**What the task asks:** Only the line containing "Office featuring wood" and those after it, up to the end of the records below, are to be set down, exactly as written.

* * *

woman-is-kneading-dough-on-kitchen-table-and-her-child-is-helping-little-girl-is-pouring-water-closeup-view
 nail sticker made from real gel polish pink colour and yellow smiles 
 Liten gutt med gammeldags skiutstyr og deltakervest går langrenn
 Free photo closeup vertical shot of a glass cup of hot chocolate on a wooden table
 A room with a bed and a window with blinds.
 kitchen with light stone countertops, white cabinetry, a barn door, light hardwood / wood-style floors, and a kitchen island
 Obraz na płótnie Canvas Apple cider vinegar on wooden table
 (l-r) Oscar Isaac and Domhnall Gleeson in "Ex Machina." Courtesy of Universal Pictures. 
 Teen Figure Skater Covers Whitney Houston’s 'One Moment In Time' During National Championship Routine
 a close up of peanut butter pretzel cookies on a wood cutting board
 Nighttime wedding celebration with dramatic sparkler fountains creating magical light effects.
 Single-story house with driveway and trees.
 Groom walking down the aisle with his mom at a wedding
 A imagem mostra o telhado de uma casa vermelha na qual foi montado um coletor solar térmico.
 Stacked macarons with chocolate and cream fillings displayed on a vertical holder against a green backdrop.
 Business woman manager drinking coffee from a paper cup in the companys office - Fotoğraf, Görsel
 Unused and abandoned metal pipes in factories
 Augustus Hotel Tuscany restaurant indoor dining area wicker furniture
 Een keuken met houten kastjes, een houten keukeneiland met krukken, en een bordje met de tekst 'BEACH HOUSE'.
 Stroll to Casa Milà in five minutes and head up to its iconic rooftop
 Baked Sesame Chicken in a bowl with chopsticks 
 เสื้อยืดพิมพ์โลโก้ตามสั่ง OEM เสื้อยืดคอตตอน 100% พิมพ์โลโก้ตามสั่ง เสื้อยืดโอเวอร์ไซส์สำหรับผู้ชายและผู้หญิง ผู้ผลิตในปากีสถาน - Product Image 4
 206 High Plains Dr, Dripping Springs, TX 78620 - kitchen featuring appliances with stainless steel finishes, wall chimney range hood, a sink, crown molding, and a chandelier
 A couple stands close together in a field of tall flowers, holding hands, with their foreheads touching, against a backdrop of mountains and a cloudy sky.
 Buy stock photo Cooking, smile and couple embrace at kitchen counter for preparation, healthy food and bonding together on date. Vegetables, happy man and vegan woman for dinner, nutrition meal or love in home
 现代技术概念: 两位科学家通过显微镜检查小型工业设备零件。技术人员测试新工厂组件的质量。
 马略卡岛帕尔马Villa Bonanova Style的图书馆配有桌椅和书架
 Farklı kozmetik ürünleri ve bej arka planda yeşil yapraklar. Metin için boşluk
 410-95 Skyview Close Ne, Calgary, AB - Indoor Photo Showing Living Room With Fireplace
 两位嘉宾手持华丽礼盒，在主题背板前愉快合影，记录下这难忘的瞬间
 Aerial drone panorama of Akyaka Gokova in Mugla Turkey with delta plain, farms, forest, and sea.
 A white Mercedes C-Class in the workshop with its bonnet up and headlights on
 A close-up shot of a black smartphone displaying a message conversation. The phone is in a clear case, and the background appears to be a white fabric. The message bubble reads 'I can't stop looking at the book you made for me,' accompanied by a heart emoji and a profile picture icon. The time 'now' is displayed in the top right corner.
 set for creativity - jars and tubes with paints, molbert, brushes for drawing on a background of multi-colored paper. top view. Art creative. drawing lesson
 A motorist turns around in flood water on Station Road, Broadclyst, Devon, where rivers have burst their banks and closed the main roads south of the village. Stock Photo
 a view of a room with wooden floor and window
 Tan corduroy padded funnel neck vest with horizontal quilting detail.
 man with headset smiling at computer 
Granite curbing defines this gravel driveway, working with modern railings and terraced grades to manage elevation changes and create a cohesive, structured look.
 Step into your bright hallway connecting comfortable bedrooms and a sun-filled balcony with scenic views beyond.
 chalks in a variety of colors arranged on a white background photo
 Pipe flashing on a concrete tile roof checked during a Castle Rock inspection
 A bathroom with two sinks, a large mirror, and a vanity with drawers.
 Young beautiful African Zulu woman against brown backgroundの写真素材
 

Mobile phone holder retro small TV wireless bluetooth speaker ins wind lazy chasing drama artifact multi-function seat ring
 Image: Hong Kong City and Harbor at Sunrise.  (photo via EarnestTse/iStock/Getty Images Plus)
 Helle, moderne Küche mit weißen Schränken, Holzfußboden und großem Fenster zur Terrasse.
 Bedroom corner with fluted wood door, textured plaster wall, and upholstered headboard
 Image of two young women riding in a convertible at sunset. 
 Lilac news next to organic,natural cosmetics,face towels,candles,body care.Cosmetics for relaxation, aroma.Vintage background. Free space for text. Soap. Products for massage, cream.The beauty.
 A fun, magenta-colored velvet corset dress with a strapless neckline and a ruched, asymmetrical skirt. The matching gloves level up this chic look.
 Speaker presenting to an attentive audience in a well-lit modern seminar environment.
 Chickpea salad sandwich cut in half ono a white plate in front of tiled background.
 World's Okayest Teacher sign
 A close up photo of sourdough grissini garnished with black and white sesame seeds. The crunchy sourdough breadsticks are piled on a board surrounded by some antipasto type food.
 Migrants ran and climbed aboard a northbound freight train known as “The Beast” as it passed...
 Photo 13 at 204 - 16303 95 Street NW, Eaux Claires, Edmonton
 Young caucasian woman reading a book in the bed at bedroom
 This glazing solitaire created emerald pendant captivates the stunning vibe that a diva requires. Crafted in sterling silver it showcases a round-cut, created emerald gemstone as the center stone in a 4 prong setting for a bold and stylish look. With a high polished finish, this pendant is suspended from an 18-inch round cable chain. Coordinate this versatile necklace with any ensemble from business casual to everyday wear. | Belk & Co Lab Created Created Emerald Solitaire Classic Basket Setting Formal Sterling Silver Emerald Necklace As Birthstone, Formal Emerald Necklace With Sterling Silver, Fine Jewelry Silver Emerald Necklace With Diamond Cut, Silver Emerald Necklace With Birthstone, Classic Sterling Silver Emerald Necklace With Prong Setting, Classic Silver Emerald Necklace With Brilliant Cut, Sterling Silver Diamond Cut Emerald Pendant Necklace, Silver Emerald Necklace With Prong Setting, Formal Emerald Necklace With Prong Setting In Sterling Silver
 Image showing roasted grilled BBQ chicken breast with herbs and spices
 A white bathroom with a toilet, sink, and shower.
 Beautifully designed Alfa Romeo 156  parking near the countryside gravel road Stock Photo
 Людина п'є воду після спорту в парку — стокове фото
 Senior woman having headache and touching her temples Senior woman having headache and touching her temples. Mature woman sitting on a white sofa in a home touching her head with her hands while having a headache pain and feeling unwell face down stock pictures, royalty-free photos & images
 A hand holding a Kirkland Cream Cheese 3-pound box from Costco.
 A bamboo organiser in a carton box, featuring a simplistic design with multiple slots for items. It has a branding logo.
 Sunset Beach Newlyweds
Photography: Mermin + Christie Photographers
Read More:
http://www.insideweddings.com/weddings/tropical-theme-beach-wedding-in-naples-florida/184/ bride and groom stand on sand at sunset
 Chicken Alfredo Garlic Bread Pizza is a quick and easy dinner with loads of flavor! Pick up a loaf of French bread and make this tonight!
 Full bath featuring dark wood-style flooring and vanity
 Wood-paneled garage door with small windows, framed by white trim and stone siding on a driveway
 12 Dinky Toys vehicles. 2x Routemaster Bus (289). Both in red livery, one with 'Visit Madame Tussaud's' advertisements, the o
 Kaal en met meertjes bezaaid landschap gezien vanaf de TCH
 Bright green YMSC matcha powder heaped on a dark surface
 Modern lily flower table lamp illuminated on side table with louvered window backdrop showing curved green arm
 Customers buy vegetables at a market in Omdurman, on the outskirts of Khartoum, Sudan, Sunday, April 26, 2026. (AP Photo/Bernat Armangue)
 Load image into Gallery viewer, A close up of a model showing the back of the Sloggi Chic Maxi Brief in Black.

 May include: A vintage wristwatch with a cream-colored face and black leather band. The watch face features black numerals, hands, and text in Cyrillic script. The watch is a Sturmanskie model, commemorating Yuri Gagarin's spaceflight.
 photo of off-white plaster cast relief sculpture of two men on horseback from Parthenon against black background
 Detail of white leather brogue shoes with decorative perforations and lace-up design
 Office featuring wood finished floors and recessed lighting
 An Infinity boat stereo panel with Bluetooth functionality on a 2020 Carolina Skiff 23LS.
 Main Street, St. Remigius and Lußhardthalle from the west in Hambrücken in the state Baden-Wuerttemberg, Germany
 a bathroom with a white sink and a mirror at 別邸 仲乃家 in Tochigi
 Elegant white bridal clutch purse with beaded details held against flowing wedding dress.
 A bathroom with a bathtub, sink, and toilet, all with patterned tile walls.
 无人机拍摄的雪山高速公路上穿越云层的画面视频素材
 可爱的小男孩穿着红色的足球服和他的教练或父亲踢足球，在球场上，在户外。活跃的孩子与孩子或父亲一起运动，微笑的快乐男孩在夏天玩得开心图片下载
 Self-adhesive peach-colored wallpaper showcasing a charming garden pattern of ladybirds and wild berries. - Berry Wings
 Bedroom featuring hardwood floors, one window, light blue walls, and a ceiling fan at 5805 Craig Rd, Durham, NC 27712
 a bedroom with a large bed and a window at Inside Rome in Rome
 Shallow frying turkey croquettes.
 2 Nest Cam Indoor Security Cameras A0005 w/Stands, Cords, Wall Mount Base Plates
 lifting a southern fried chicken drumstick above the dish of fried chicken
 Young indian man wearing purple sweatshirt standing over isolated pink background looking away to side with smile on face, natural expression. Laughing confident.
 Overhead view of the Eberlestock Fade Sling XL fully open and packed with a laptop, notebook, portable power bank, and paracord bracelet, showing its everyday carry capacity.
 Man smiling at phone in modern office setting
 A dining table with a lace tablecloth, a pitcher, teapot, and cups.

* * *

**Problem solution:**
 Office featuring wood finished floors and recessed lighting
 An Infinity boat stereo panel with Bluetooth functionality on a 2020 Carolina Skiff 23LS.
 Main Street, St. Remigius and Lußhardthalle from the west in Hambrücken in the state Baden-Wuerttemberg, Germany
 a bathroom with a white sink and a mirror at 別邸 仲乃家 in Tochigi
 Elegant white bridal clutch purse with beaded details held against flowing wedding dress.
 A bathroom with a bathtub, sink, and toilet, all with patterned tile walls.
 无人机拍摄的雪山高速公路上穿越云层的画面视频素材
 可爱的小男孩穿着红色的足球服和他的教练或父亲踢足球，在球场上，在户外。活跃的孩子与孩子或父亲一起运动，微笑的快乐男孩在夏天玩得开心图片下载
 Self-adhesive peach-colored wallpaper showcasing a charming garden pattern of ladybirds and wild berries. - Berry Wings
 Bedroom featuring hardwood floors, one window, light blue walls, and a ceiling fan at 5805 Craig Rd, Durham, NC 27712
 a bedroom with a large bed and a window at Inside Rome in Rome
 Shallow frying turkey croquettes.
 2 Nest Cam Indoor Security Cameras A0005 w/Stands, Cords, Wall Mount Base Plates
 lifting a southern fried chicken drumstick above the dish of fried chicken
 Young indian man wearing purple sweatshirt standing over isolated pink background looking away to side with smile on face, natural expression. Laughing confident.
 Overhead view of the Eberlestock Fade Sling XL fully open and packed with a laptop, notebook, portable power bank, and paracord bracelet, showing its everyday carry capacity.
 Man smiling at phone in modern office setting
 A dining table with a lace tablecloth, a pitcher, teapot, and cups.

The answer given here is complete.